The tax cost and administration sits with each individual, some of whom may not comply. The city of Lebanon, Ohio, (another Cincinnati suburb) has filed a brief supporting his case, arguing that cities like Cincinnati unfairly taxed individuals during the pandemic. Lebanon says it had to increase services for residents who were working remotely while seeing no increase in its own income tax collections. And Lebanon continued to offer a reduction 0.5 percent reduction credit to its residents who paid another municipal tax—like the 1.8 percent Cincinnati tax. Schaad paid Cincinnati income taxes as if he were still working in the Cincinnati office a few days a week, but he wants his money back. Akin to Zelinsky, he argues that Ohio cannot allow a municipality to tax nonresidents for income earned outside that municipality.

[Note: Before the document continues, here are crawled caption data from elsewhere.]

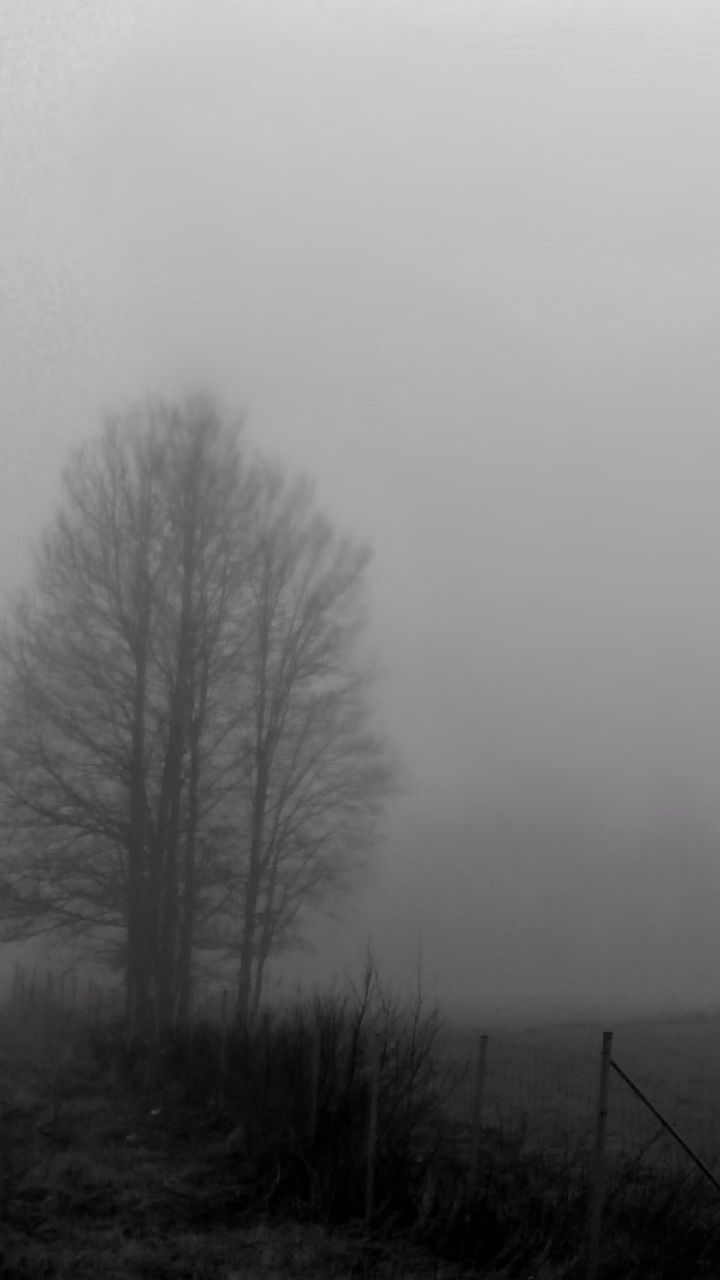 Bare trees on field against clear sky on foggy day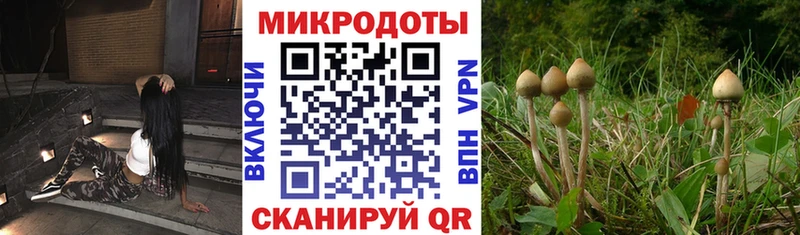 Галлюциногенные грибы Psilocybe  Жуков 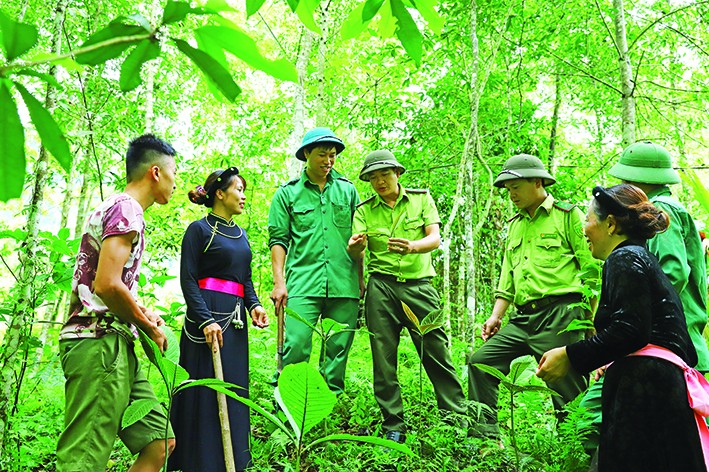 Cán bộ kiểm lâm huyện Lâm Bình cùng đồng bào dân tộc kiểm tra các loại cây thảo dược được trồng dưới tán rừng. Ảnh: An Thành Đạt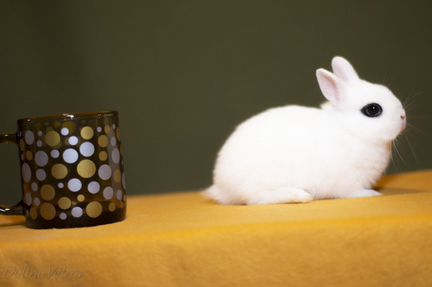 Карликовый хотот, родители импорт из Германии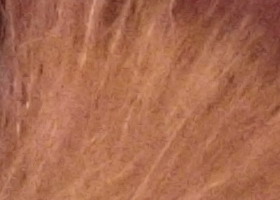 Fujifilm FinePix T200: nejlevnější ultrazoom Fuji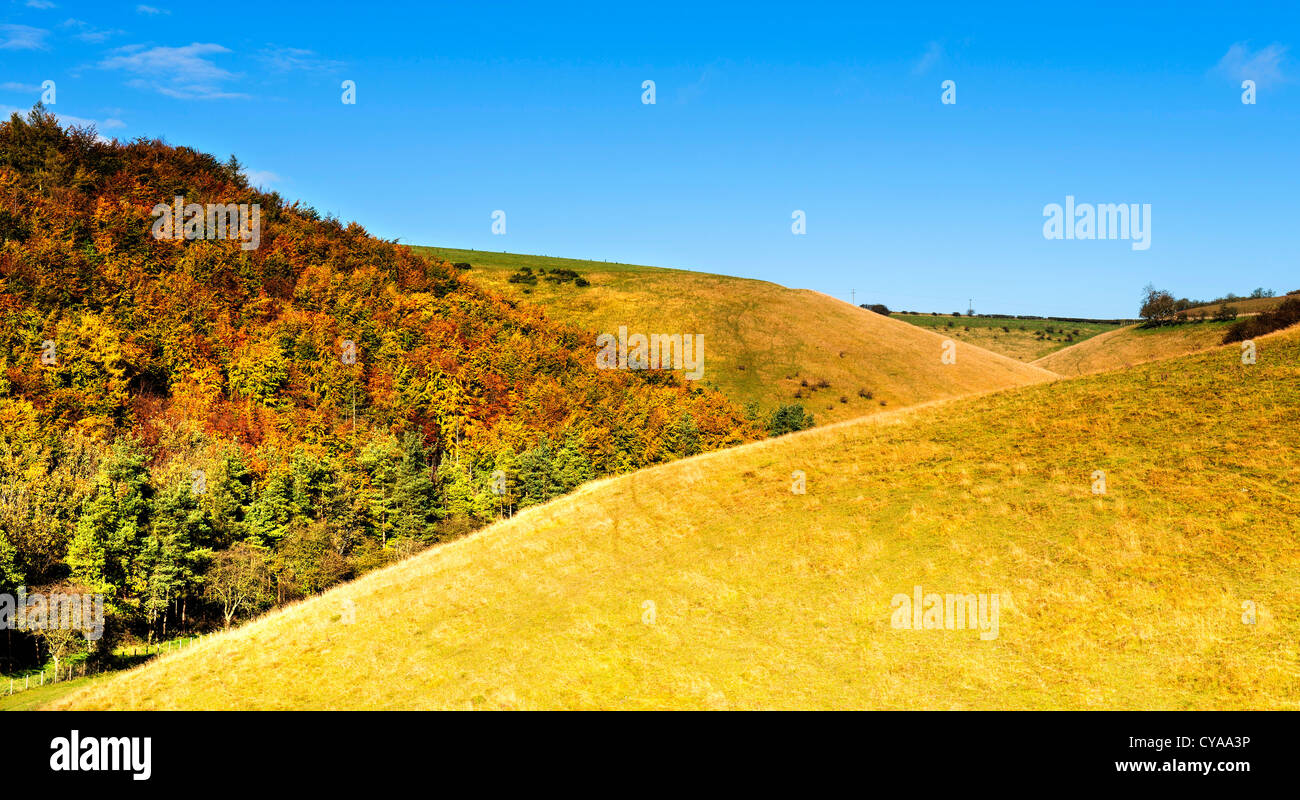 Una vista guardando a nord fino a Deepdale Yorkshire Wolds su un luminoso ottobre mattina Foto Stock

The Stress-Free Way To Payroll and Taxes for Remote Workers

“I have a lot of colleagues who won’t do Ohio taxes because there’s so many weird little rules in all the different municipalities,” Cagan says. A handful of states may even require you to withhold taxes if your employer is based in the state, even if you never physically work in that state. Typically, you’ll pay taxes in the state you live in (unless that state doesn’t have income taxes). But if you work in a different state, then you’ll usually need to file a nonresident tax form in the state where you worked, listing the income and taxes you paid and earned in that state. If you have a telecommuting employee in a different state than your location or employees in multiple states, you must withhold income taxes for the state they live and work in. You’ll pay unemployment taxes and report their income to the states where they live, not your state.

“I was working from my home in New Jersey or my parents’ basement in Florida, I was doing that out of necessity. I couldn’t go in the office, for crying out loud.” Many of the states who put in these temporary rules didn’t really use the convenience tag. They just said, “Look, if you used to work in our state and then the lockdown happened and you’re working remotely somewhere how do taxes work for remote jobs else, we’re going to treat that as a day worked in our state.” That was the Massachusetts rule. Then they extended this, in some other cases, beyond just local telecommuters to people who were working remotely from across the country. Timothy Noonan of Hodgson Russ LLP discusses how some states tax remote employees and the effect of temporary pandemic tax changes.

How Does Working Remotely Affect Taxes?

During the pandemic, Massachusetts allowed for the temporary collection of income taxes from out-of-state residents who worked from home for Massachusetts-based employers. New Hampshire sued, arguing that Massachusetts can’t tax people outside its borders. When your commute to work takes place within the confines of your home, where should you pay income taxes? Standard workers include regular full-time staff of the employer, such as those working in full-time remote tech jobs.

  • This means that a resident of Ohio will be exempt from state income tax in PA if they submit Form REV-419 to their Pennsylvanian employer.
  • The taxes you pay and the rules for withholding taxes change depending on not just what state you live in, but what county and city.
  • While there is no limit on the time you can stay there, your residency state will continue to be wherever you have your domicile (primary residence).

The number of days after which this kicks in varies from country to country. But a good rule of thumb is that typically if your employee is working from somewhere for more than around 4 months in a year, this will trigger local employment and tax regulations. If you have employees who recently moved to a new state and worked remotely, they’ll need to establish a new domicile, or permanent residence, to avoid being taxed in their current and former states.